Start of Supplied data

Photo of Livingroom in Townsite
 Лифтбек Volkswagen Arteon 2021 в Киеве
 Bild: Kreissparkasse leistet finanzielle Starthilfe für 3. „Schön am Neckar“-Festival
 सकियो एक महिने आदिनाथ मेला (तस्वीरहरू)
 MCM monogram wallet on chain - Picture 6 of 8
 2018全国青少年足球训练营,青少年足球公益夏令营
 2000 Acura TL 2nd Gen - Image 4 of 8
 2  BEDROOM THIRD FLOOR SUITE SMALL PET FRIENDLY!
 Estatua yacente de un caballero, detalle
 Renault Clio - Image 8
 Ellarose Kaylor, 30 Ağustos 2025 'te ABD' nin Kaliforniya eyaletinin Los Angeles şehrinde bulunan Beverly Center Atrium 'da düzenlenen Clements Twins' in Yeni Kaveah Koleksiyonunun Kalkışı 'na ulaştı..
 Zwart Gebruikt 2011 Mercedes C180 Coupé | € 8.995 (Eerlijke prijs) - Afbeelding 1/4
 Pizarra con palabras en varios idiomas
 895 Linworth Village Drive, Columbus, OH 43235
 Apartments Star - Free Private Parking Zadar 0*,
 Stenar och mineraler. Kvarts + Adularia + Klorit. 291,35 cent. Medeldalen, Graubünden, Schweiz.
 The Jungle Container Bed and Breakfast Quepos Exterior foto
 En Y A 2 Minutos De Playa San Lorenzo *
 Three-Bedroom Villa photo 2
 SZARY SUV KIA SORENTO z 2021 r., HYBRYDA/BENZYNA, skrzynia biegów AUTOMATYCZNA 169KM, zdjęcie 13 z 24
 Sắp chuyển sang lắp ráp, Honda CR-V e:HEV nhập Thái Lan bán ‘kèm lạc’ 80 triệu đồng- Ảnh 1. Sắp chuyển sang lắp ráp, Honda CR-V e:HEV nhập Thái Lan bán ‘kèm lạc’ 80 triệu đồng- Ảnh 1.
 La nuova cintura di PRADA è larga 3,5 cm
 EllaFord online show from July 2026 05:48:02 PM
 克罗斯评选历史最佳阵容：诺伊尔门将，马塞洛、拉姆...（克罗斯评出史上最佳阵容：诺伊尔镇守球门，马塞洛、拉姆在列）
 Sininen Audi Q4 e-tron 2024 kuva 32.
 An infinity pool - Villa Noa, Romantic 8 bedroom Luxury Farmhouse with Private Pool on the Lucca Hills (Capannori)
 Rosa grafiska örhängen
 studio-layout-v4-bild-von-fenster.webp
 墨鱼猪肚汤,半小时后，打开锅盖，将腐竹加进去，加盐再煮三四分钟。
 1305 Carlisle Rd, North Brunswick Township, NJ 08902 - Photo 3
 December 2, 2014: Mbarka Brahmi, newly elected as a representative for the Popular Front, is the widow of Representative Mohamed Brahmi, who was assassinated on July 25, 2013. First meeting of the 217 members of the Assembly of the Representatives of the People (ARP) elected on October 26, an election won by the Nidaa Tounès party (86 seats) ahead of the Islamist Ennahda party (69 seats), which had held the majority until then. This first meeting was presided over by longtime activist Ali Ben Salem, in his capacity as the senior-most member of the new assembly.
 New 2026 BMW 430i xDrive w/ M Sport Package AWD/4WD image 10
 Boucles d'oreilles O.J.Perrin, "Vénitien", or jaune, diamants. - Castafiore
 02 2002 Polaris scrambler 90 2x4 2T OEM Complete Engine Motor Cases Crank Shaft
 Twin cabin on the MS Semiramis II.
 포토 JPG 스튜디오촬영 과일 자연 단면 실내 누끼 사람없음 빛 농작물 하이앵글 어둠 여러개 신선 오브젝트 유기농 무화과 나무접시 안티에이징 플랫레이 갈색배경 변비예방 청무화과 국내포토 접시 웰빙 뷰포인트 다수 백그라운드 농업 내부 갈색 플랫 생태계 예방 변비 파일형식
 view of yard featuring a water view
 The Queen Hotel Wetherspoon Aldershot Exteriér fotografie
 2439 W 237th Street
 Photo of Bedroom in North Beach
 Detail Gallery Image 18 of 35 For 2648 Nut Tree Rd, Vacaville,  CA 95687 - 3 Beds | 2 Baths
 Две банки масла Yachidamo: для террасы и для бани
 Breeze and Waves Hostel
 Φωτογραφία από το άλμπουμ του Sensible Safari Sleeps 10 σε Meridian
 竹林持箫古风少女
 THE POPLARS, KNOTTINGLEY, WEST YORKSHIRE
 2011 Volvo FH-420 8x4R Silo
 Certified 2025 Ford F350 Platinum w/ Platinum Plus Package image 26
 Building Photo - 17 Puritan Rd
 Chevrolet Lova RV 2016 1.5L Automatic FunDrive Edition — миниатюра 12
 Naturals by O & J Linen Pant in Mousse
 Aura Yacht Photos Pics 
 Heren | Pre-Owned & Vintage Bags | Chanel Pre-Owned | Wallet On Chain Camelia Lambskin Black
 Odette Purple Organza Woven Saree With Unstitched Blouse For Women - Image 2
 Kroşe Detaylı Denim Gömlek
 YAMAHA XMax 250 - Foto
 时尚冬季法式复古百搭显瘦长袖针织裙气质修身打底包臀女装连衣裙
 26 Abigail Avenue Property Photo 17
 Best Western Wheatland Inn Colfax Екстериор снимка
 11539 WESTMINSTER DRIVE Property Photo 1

End of Supplied data

Retype only the stretch of lines above starting at the one with "EllaFord online show" and stopping at the one with "Sininen Audi Q4 e-tron 2024 kuva 32.", exactly as written, with both kept.

 EllaFord online show from July 2026 05:48:02 PM
 克罗斯评选历史最佳阵容：诺伊尔门将，马塞洛、拉姆...（克罗斯评出史上最佳阵容：诺伊尔镇守球门，马塞洛、拉姆在列）
 Sininen Audi Q4 e-tron 2024 kuva 32.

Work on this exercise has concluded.